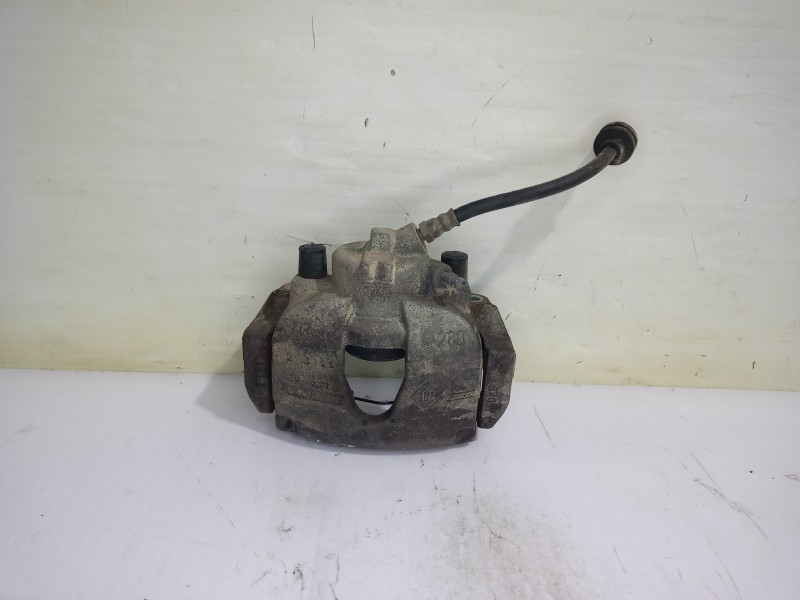 Recambio de pinza de freno delantera izquierda para renault scenic ii authentique referencia OEM IAM 7701065266  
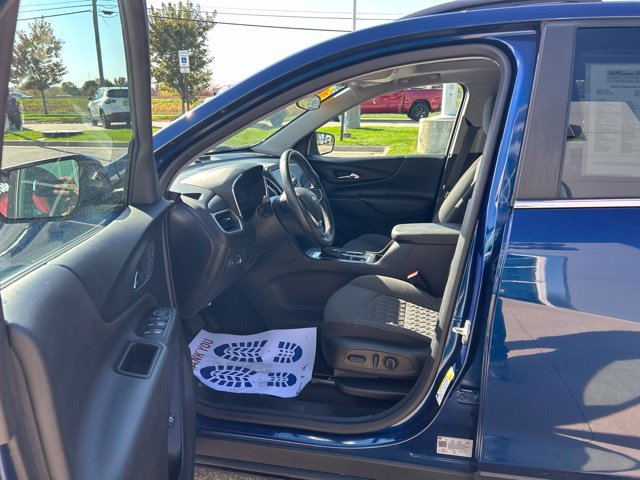 Used 2023 Chevrolet Equinox LT FWD image 9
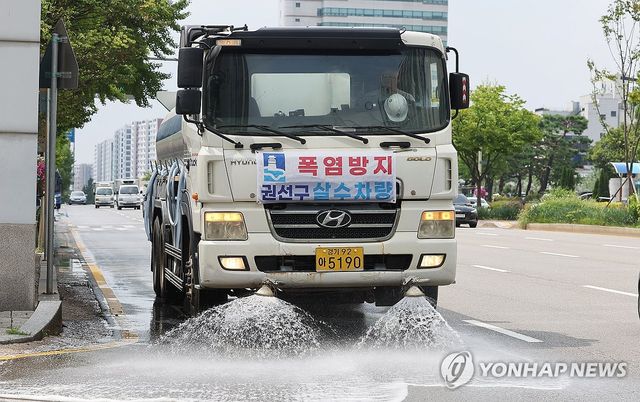 도로 열기 식히는 살수차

**WHAT THE EXERCISE ASKS**:
Write the material out again word for word and omit any images.

**EXERCISE ANSWER**:
 Recambio de pinza de freno delantera izquierda para renault scenic ii authentique referencia OEM IAM 7701065266  
 Used 2023 Chevrolet Equinox LT FWD image 9
 도로 열기 식히는 살수차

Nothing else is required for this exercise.